ABOUT THIS TASK: The lines to copy run from the one containing "Homenjoy Water Filter 2 Pack" to the last line of the entries; output those lines exactly and only them, without pictures.

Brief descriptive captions
-*-
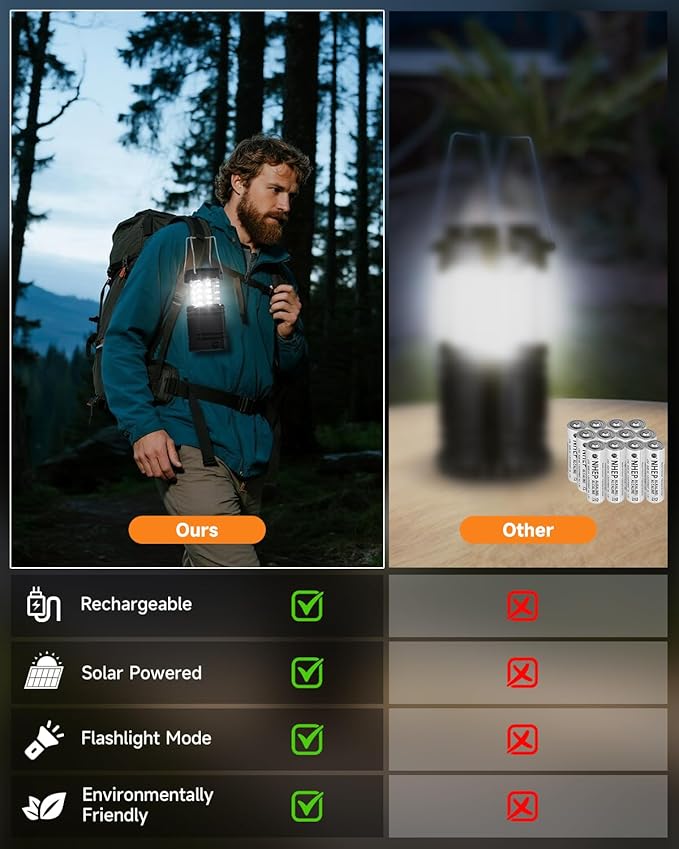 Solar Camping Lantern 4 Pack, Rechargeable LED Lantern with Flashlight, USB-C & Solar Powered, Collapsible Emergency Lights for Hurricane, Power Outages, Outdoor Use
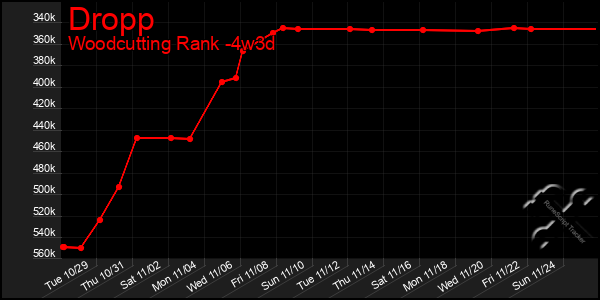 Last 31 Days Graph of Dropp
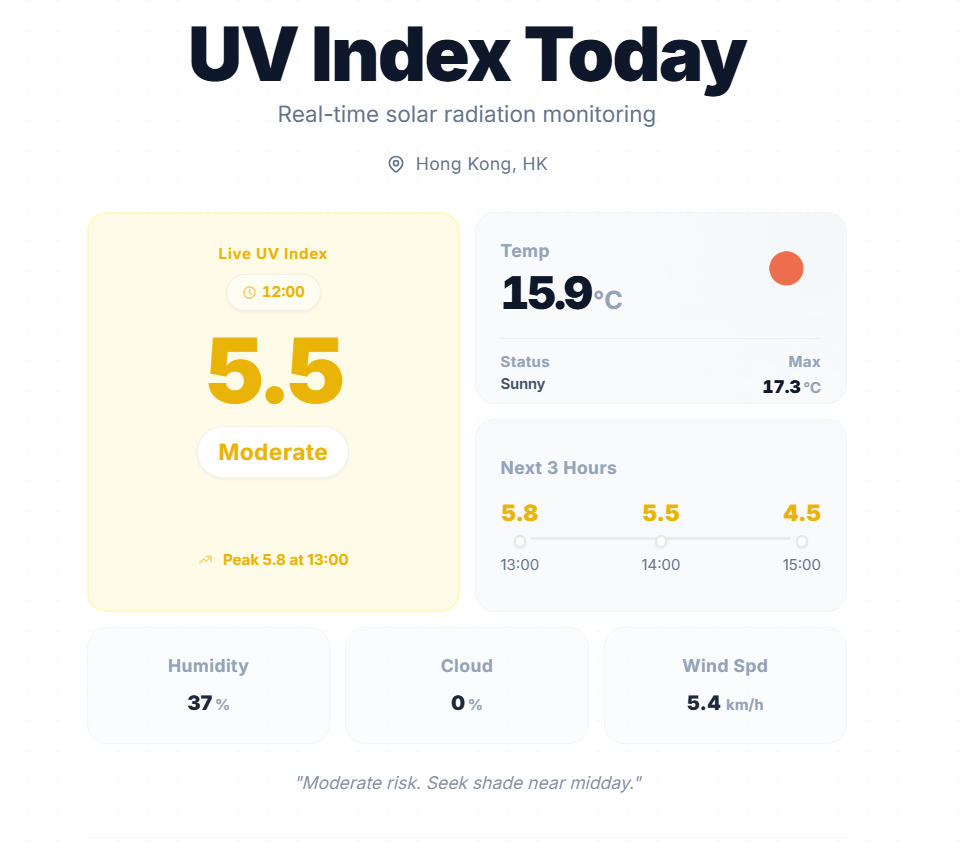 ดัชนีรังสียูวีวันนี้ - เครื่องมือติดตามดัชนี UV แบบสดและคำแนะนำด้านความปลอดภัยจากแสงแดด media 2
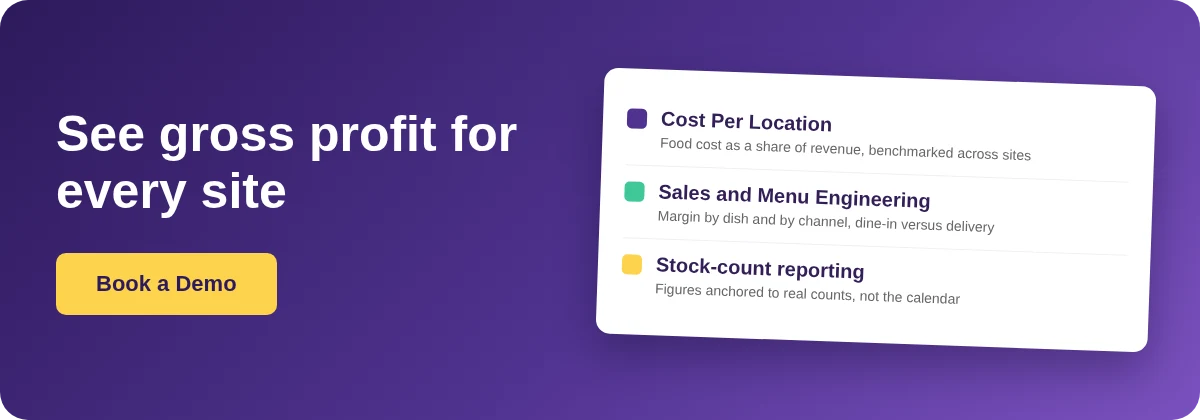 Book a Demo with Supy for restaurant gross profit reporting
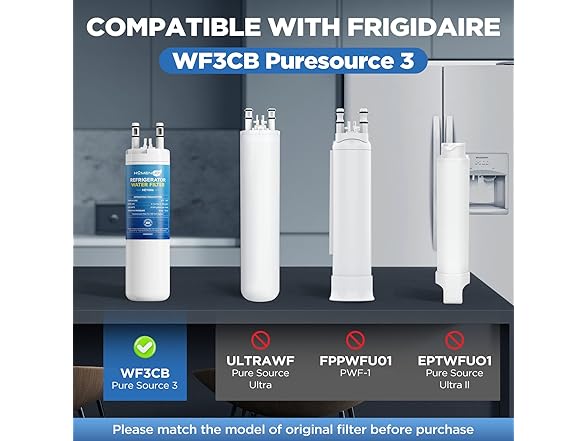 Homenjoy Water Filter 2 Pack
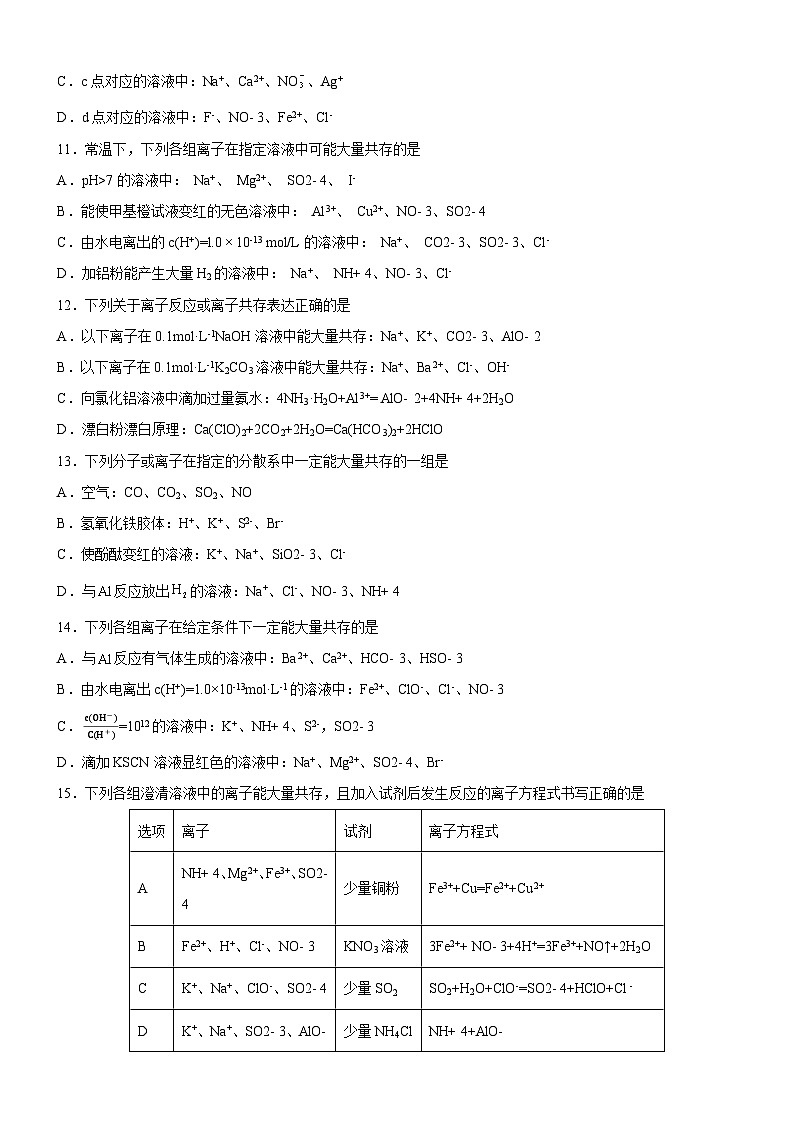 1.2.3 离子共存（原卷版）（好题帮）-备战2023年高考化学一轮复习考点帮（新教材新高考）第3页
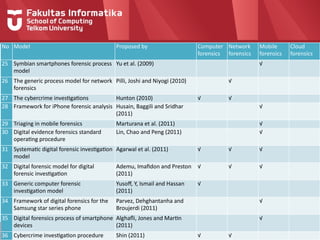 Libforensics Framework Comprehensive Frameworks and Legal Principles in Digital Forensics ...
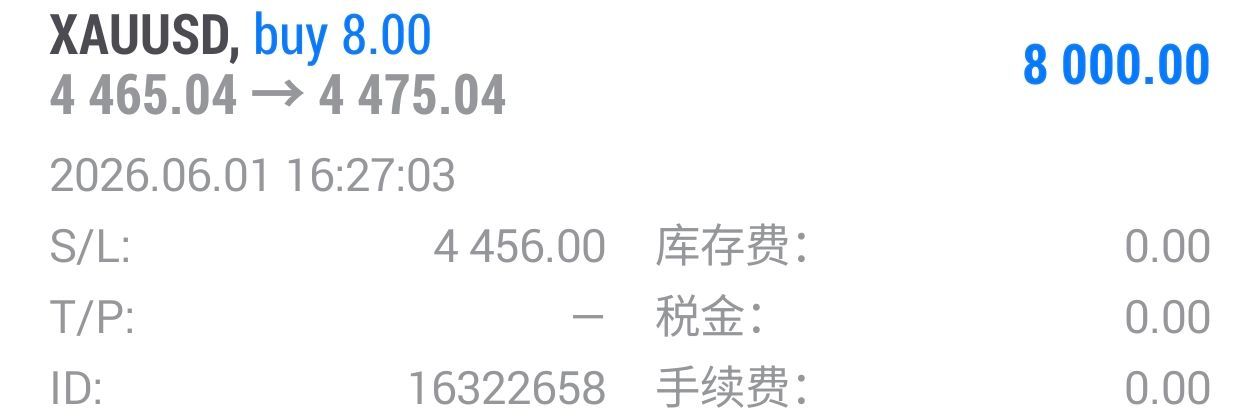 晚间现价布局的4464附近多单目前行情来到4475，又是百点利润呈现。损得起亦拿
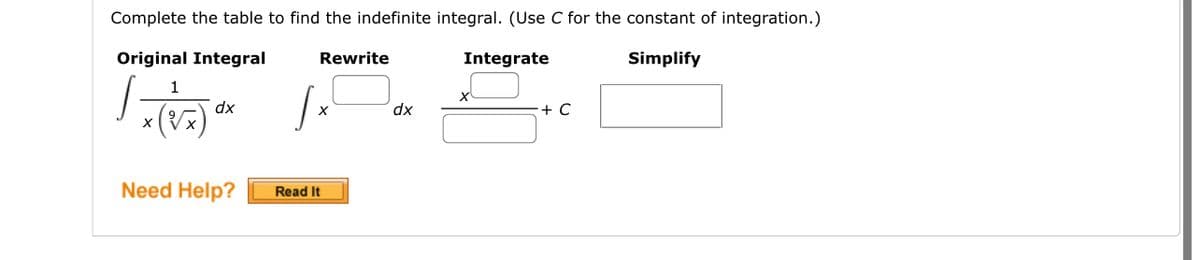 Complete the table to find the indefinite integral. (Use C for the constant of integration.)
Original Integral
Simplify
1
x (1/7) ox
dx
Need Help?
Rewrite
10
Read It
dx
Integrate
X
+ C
-*-
FINISHED TASK:
 Homenjoy Water Filter 2 Pack
 1.2.3 离子共存（原卷版）（好题帮）-备战2023年高考化学一轮复习考点帮（新教材新高考）第3页
 Libforensics Framework Comprehensive Frameworks and Legal Principles in Digital Forensics ...
 晚间现价布局的4464附近多单目前行情来到4475，又是百点利润呈现。损得起亦拿
 Complete the table to find the indefinite integral. (Use C for the constant of integration.)
Original Integral
Simplify
1
x (1/7) ox
dx
Need Help?
Rewrite
10
Read It
dx
Integrate
X
+ C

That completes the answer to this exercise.